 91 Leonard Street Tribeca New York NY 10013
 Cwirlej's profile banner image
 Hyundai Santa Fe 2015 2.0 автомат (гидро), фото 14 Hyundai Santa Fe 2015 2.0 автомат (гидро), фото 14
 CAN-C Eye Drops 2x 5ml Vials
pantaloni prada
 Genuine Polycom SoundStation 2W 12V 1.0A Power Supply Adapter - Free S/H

==============================

§ **Work required**
Every record shown above should be set down again exactly.

§ **Answer box**
 91 Leonard Street Tribeca New York NY 10013
 Cwirlej's profile banner image
 Hyundai Santa Fe 2015 2.0 автомат (гидро), фото 14 Hyundai Santa Fe 2015 2.0 автомат (гидро), фото 14
 CAN-C Eye Drops 2x 5ml Vials
pantaloni prada
 Genuine Polycom SoundStation 2W 12V 1.0A Power Supply Adapter - Free S/H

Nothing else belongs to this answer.